# Pierco vs. Acorn



## djei5 (Apr 24, 2011)

No pricing? I refuse to do business with a website that touts excellent pricing and won't list their pricing.


----------



## KevinR (Apr 30, 2010)

I've emailed them twice with no answer... 

I should probably try calling them but I rarely have time to do that during the day.

I was wanting to pick up a box or two of drone 6 1/4 frames and see how the bees like that for a honey super...

He should make some 4.9 plastic foundation... If the price was right, I'd order quite a bit.

If someone gets a price, let us know.


----------



## Mbeck (Apr 27, 2011)

Nicks very easy to deal with I've never had an issue contacting him, I'll order at least a case to try just because he's selling them. 

I'm not sure of the price but I'm sure he's in the ballpark. I'm generally less interested in price and more interested in value. Price is a phone call away, determining value takes time and experience with a product.


----------



## Kamon A. Reynolds (Apr 15, 2012)

Just ordered 5000 sheets from acorn. price was very reasonable. Will let y'all know how good it works for me.


----------



## beesohappy (Jun 3, 2009)

I just recently bought boxes with new frames from a guy closing down. I noticed that the frames had this ("A") brand on them. Is that acorn? I did notice that they're covered pretty good with wax but the plastic seems a little thin and flimsy. I think they should've made what would be the end bars a little more narrow so it wouldn't be so hard to get 9 and a frame feeder into a 10 frame box. Also I think Peirce and Acorn both should adjust their molds so there's no gaps in the end bars also. It's a pain in the butt digging out the wax moth larvae if they get in there.

Last thing. John at Peirce was back ordered at least a month when I tried to order frames from him in March. I do remember that the price was good thou.
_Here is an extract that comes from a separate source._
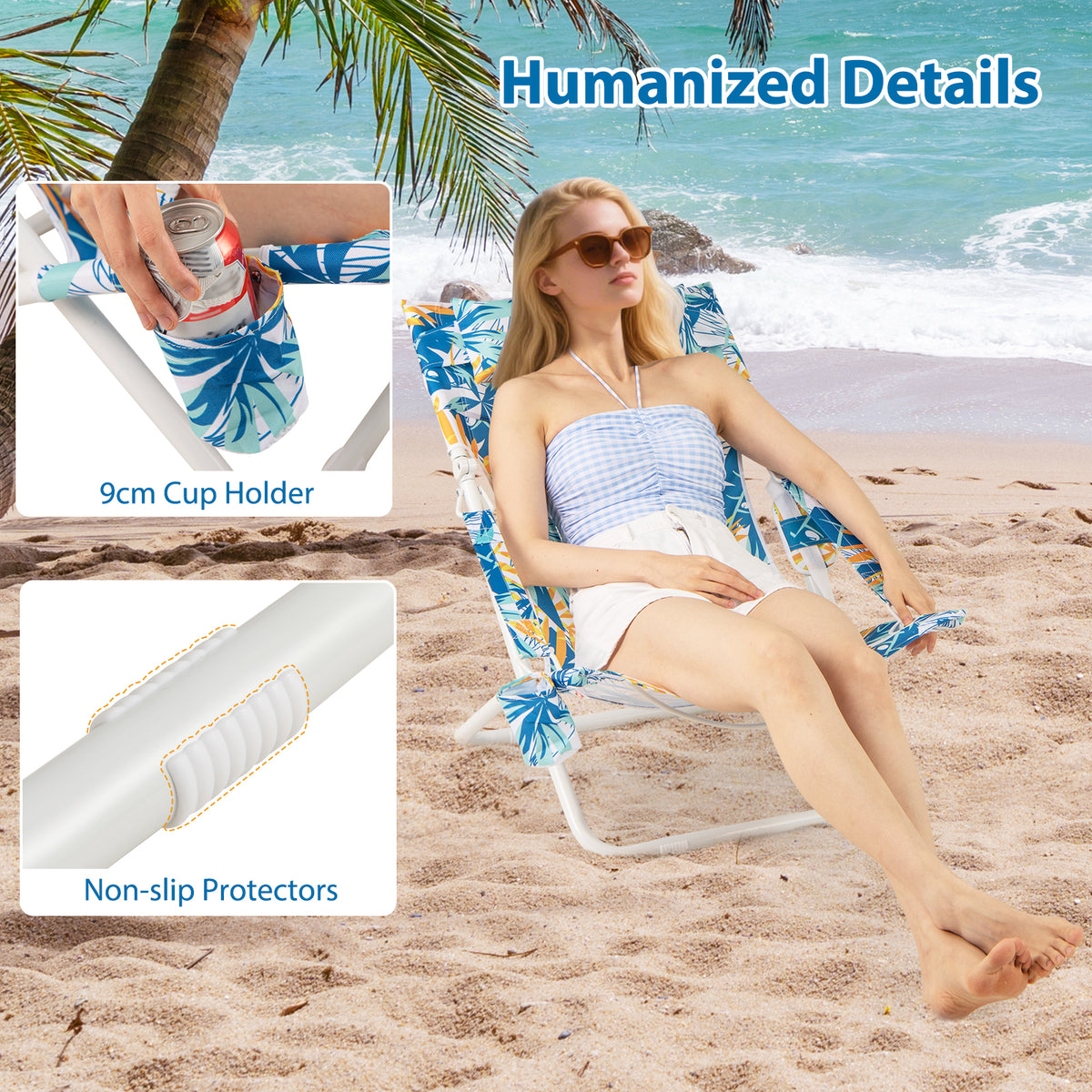 Folding Low Beach Chair, Set of 2, Patio Sling Chairs w/ Padded Head Pillow
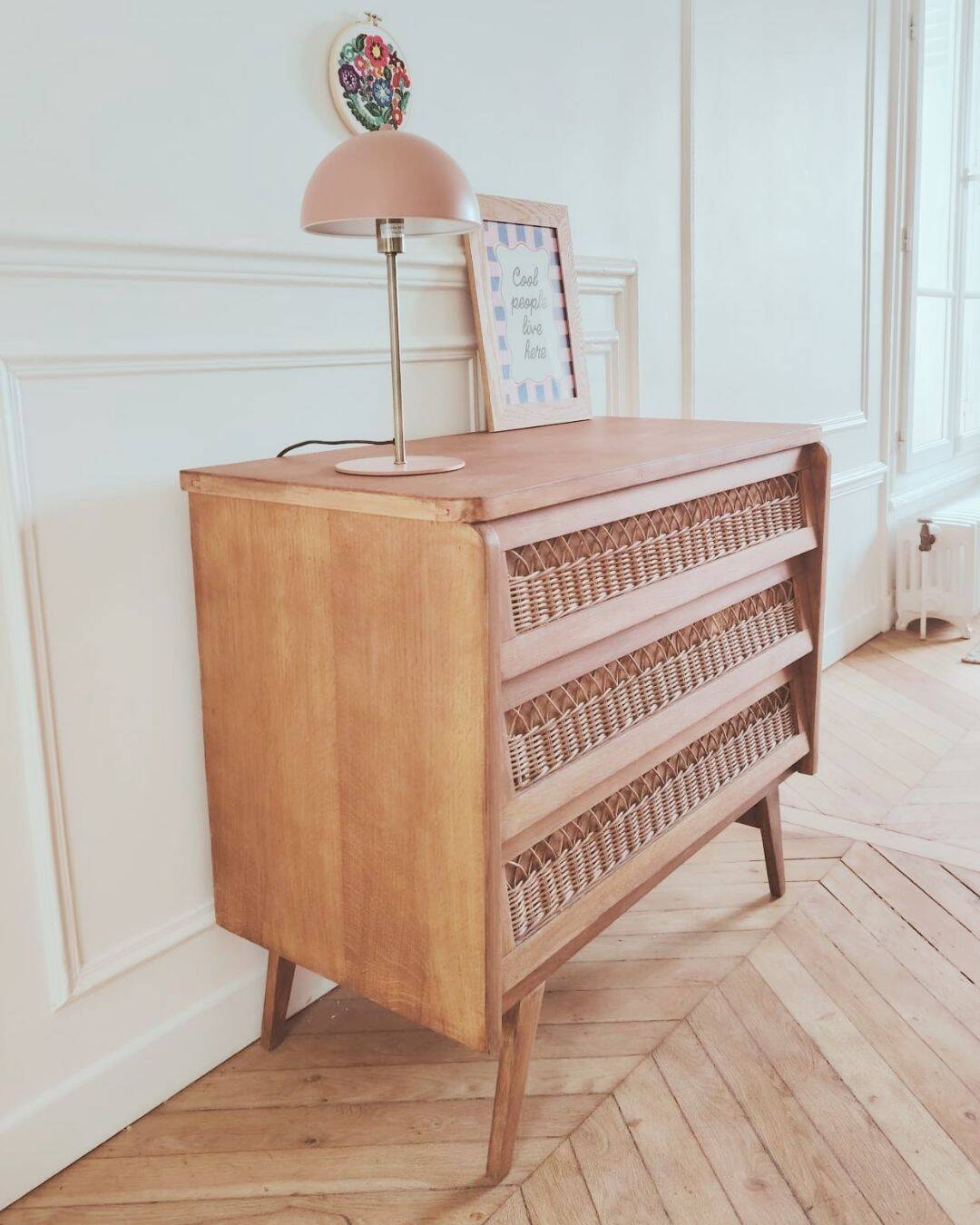 Renovated vintage chest of drawers, 1960s, made of wood and rattan.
Who knows the story between them? Did Nick get upset at John and steal his ideas and set up shop just down the street from him or did John give him his blessings? Just curious. I know how it feels to get stabbed in the back.


----------



## djei5 (Apr 24, 2011)

Tennessee's Bees LLC said:


> Just ordered 5000 sheets from acorn. price was very reasonable. Will let y'all know how good it works for me.


Ok, what was the price?


----------



## djei5 (Apr 24, 2011)

Mbeck said:


> Nicks very easy to deal with I've never had an issue contacting him, I'll order at least a case to try just because he's selling them.
> 
> I'm not sure of the price but I'm sure he's in the ballpark. I'm generally less interested in price and more interested in value. Price is a phone call away, determining value takes time and experience with a product.


I always look for quality and price is an issue always!


----------



## Hambone (Mar 17, 2008)

Ordered from Nick today. First time. He seems like a really good guy. I'm a small timer and ordered 3 boxes of the 6 1/4 white. 72 frames per box $1.20ea. My total with freight ended up being $1.62 per frame. In stock and shipping out tomorrow.


----------



## 78-79fordman (Mar 23, 2014)

They almost look like rite cell . Great more Decisions . 
I have Pierco they done fine bought some rite cell to try . And now may have to buy some acorn . The Pierco and rite cell are the same cell size assume acorn is also . Wonder if they all need more wax added I knew Pierco and rite cell could use more .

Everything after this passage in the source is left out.